On voit que lord Castlereagh prenait assez patiemment la substitution d’un ministère animé de tendances russes à un autre ministère dont la politique extérieure était fondée sur l’alliance anglaise. Lord Liverpool, en lui répondant, qualifia avec plus de sévérité le changement qui venait d’avoir lieu. Suivant lui, le roi avait fait preuve d’un défaut absolu de jugement en congédiant ses conseillers dans de pareilles conjonctures, et on avait peine à concevoir que pour se défaire d’hommes qu’il n’aimait pas, il n’eût pas attendu la signature d’une paix humiliante dont ils auraient emporté avec eux la responsabilité. Lord Castlereagh n’en persista pas moins dans ses appréciations indulgentes : « Vous entendrez parler, écrivait-il le 1er octobre à lord Liverpool, de beaucoup de coquetteries entre les Français et les Russes.

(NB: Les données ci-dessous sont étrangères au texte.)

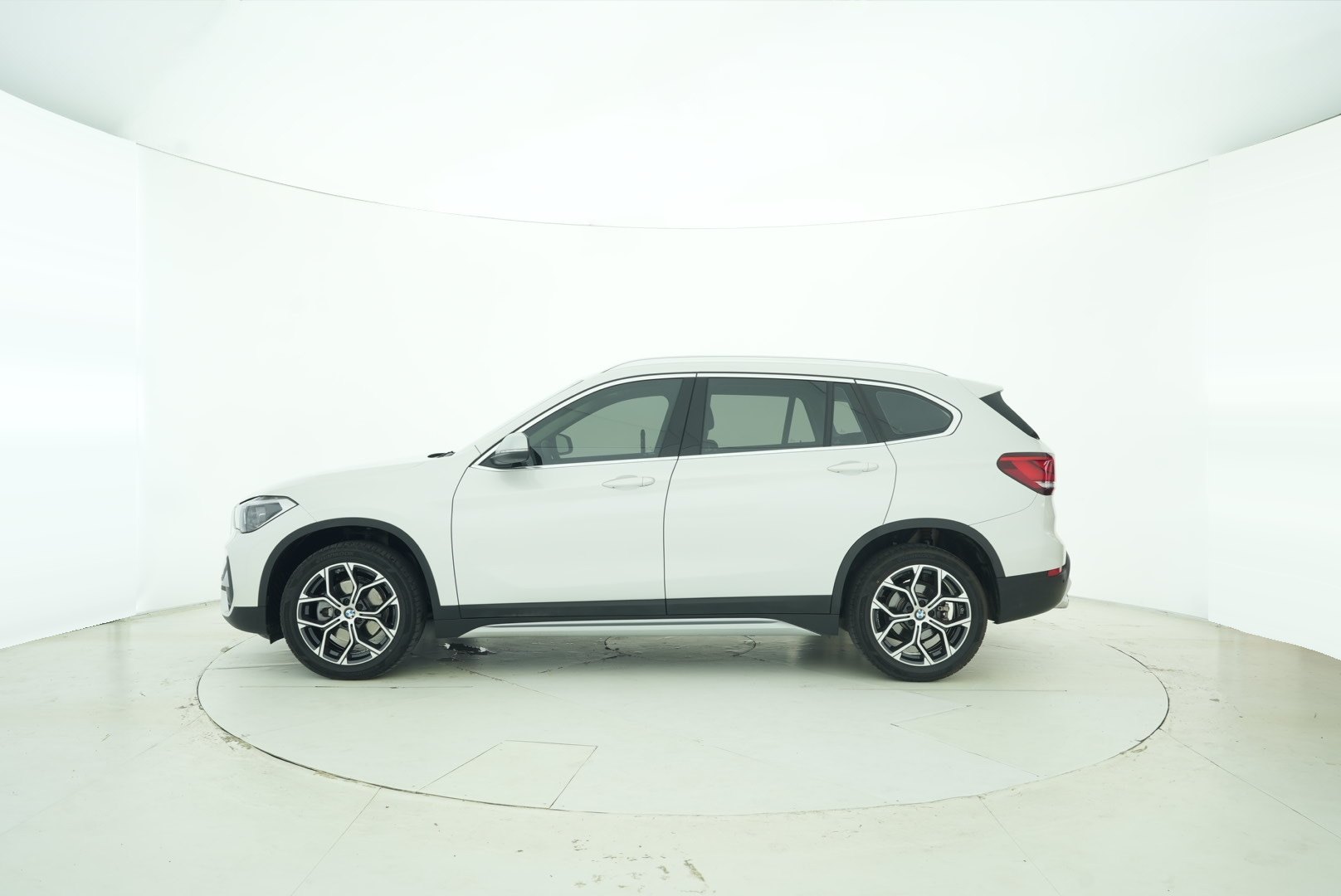 BMW X1 2022 — фото 2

Le duc de Richelieu est certainement un lien entre les deux pays, mais je ne vois pas que ni d’un côté ni de l’autre on ait, au moins quant à présent, de motifs raisonnables pour former une liaison qui vraisemblablement changerait l’état des affaires, et je crois que nous aurions tort de nous laisser entraîner, par la jalousie que nous pourrions en éprouver, à affaiblir le gouvernement du duc de Richelieu. Le grand objet est de maintenir le roi sur son trône. Un système de modération est, je pense, le meilleur moyen d’y parvenir, et je ne crois pas que le duc veuille se jeter dans les extravagances ; mais il aura de grandes difficultés à vaincre. Néanmoins j’augure mieux de son avenir que je ne le faisais d’abord. »

C’était aussi le sentiment du duc de Wellington, bien qu’il en donnât d’autres raisons : « Mon opinion, écrivait-il à lord Liverpool, est que le roi et son gouvernement sont en meilleure condition qu’ils n’étaient il y a un an, parce qu’il n’y a plus personne qui se présente comme pouvant se mettre à la tête d’un mouvement contre eux, parce que personne n’inspire assez de confiance et ne possède assez

  1. Cela n’était pas tout à fait exact. M. de Richelieu était venu un moment en France pendant le consulat.